One of the lesser-known indicators that many forex Brokers offers is the DeMarket indicator. This is quite a simple indicator that it’s used in technical analysis to compare the most recent price action to the previous candle price action and attempting to measure whether or not there is a substantial amount of demand for the currency pair. The DeMarker indicator is often used to identify if there is a chance of price exhaustions: if you’re in an uptrend and the DeMarker indicator shows that there may not be as much demand, then there is a real risk for a trend change at that point in time. In this article, you’re going to learn more than just the indicator structure, but you’ll also learn how to incorporate it in your own strategy.
The oscillator normally moves between 0 and 100 levels and unlike most of the other oscillators it doesn’t use a smooth or average set of data to show what’s going on the market, it simply uses rough numbers. One thing that you can use it for is for the riskiness to try to decide whether or not the current price and the riskiness of a trade to go against you. In short traders use this indicator to gauge the oversold/overbought market conditions, the levels of risk and price exhaustion.
The DeMarker indicator is made of two main components:
- The DeMax: Which compares current candle’s high with the previous candle’s high;
- The DeMin: Which compares current candle’s low with the previous candle’s low;
The single line curve that you see on your chart, which is the DeMarker indicator is made up of the moving averages of these two components. Generally, any values above 60 are indicative of lower volatility and risk, while any reading below 40 is indicative that risk is increasing.

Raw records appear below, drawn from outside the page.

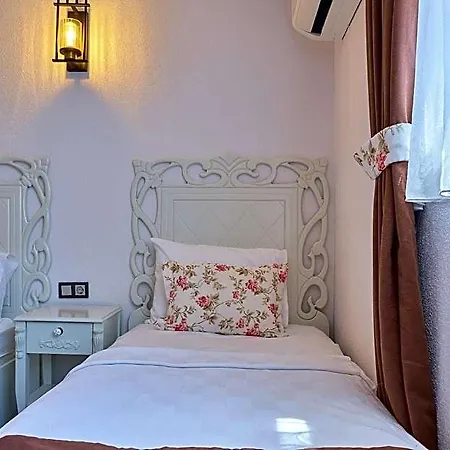 Cunda Pusula By Megaron Homes فندق 5*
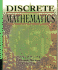 Discrete Mathematics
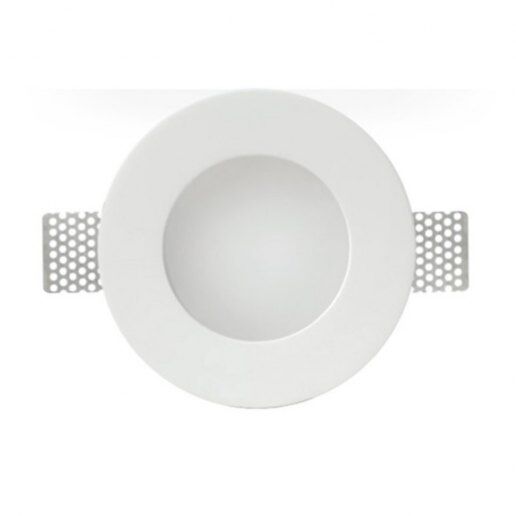 ETTORE - Faretti da incassi - PAN INTERNATIONAL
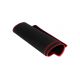 2. Havit MP848 Gaming Mat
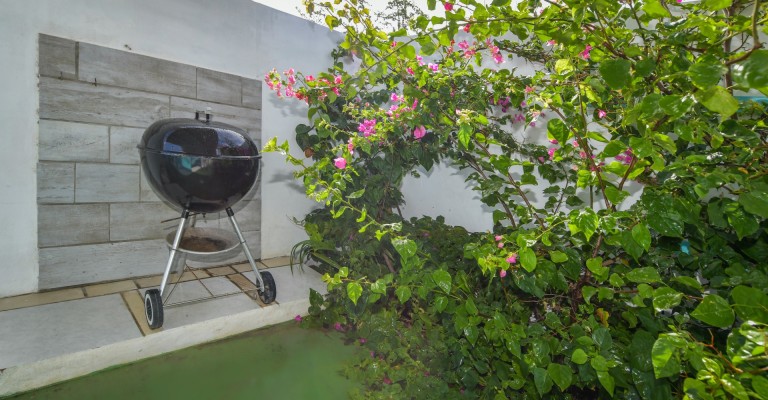 Boroncana, Sucuchi 32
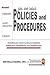 Policies & Procedures: Just...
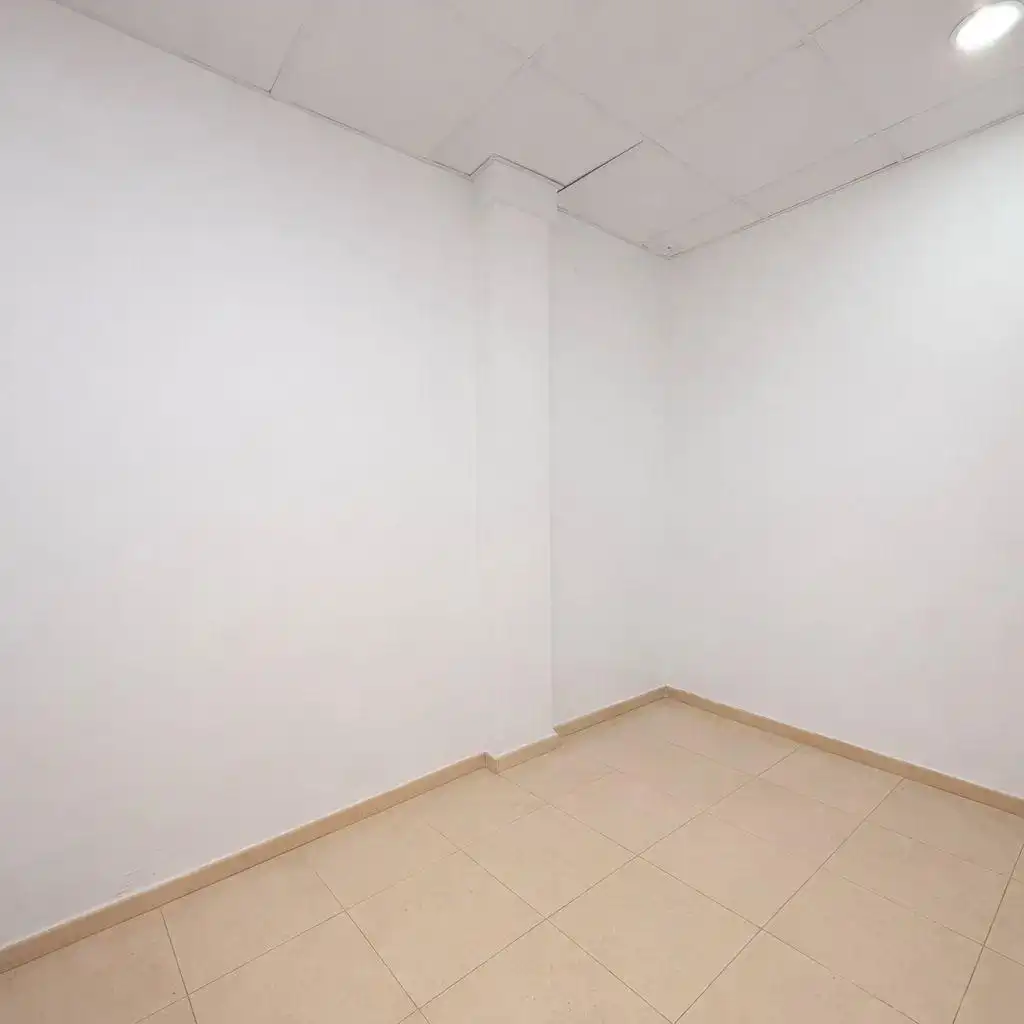 Local comercial en alquiler en Carretera de Cádiz, imagen 11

How to use the DeMarker Indicator
Any individual indicator on its own is just not enough for picking a trade, so it’s just part of an overall set of tools in the process that you might use when trading. This indicator is suitable to all types of traders and no matter if you’re trading on a short-term basis or long-term it can be a useful tool to incorporate it in your trading arsenal. The DeMarker indicator can be used either to time the market for your entry orders or use it to determine reversal points in the market. There are several ways you can use the DeMarker indicator and here are the most common:
- Measuring Trend Exhaustion;
- Divergence trades;
- Overbought/Oversold Conditions.
- Trend Confirmation.
In the figure below we can see that as GBP/USD price was falling the DeMarker indicator actually had gotten pretty low and at that point it would have warned you that perhaps shorting wasn’t the best thing to do as it was well under the 30 mark, showing that there is a possibility that exhaustion was about to happen and that’s exactly what happened.

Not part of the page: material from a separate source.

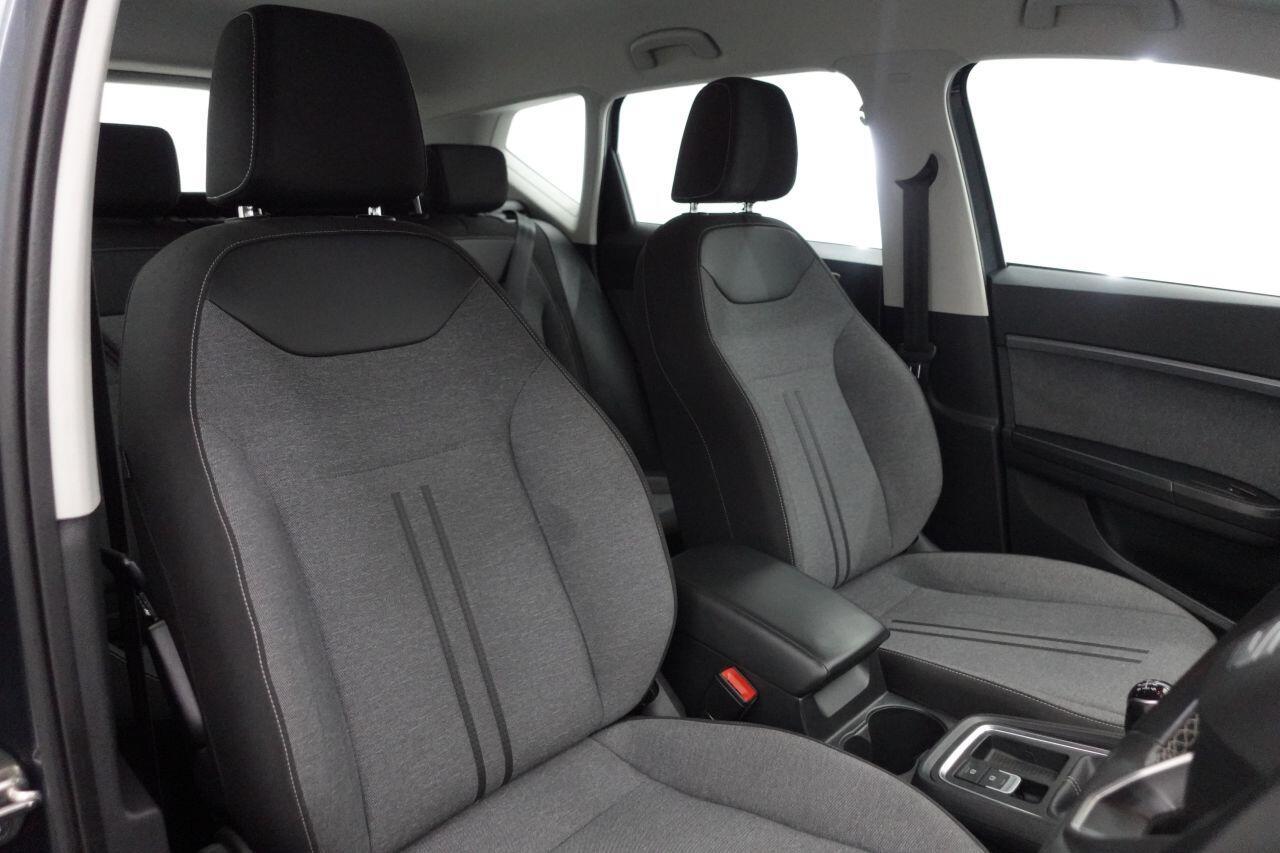 SEAT Ateca - Image 2
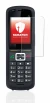 Imagen del dispositivo Gigaset R700H Pro con una amplia variedad de protectores de pantalla.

One way Forex traders can use the DeMarker indicator is in a scalping environment to see whether or not there is a high likelihood of steadiness in the currency pair and the higher it is, the more likely that’s true, and if it’s steadier than the scalper can go on perhaps the 5 minute chart and scalp the market accordingly. This strategy can be very powerful because in the currency market the DeMarker indicator is just measuring the demand in general, either up or down, so if the DeMarker indicator line is moving upward is showing steady demand to the upside of the market in which case longs are favored, conversely, if the DeMarker indicator line is moving downward is showing steady demand to the downside of the market and shorts are favored.

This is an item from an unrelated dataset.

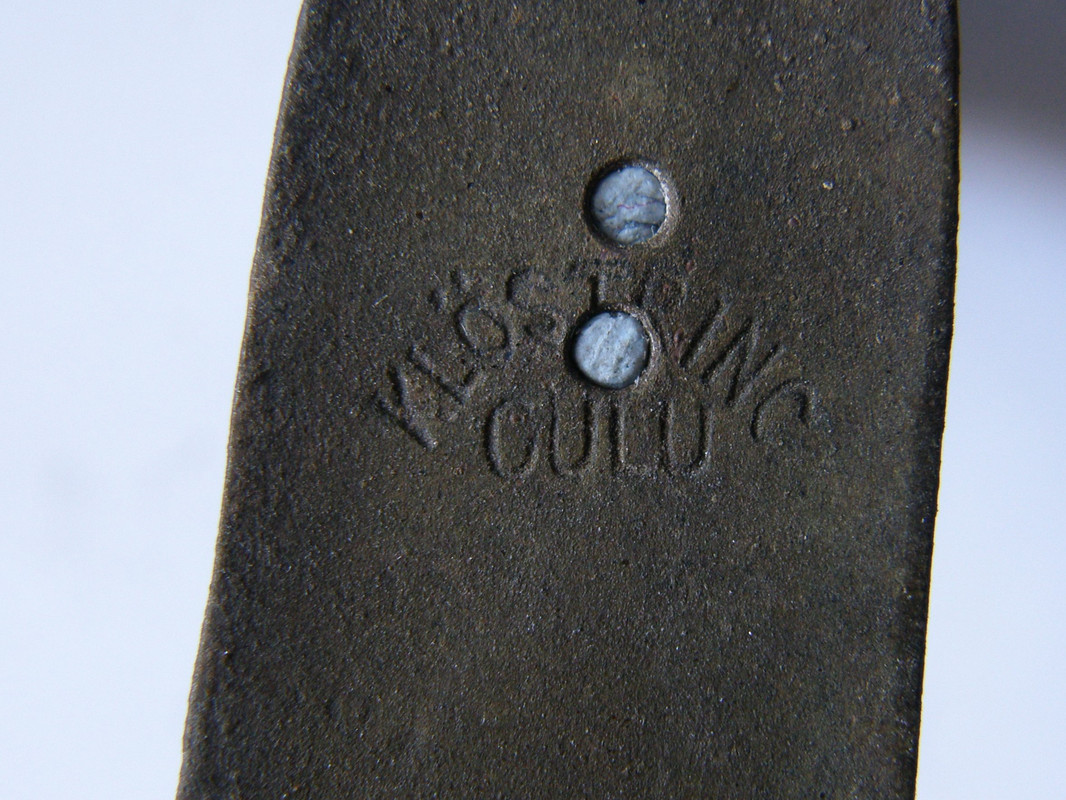 P5040003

Like any other oscillators the DeMarker indicator can be used to spot divergence in price as well. Simply put it, divergence means that the price is moving in the opposite direction of the DeMarker indicator and it can signal a reversal of the prevailing trend.
The DeMarker indicator should not be used in isolation, but as an additional tool to make smarter trading decision and to either spot a change in the prevailing trend or to gauge the current trend strength.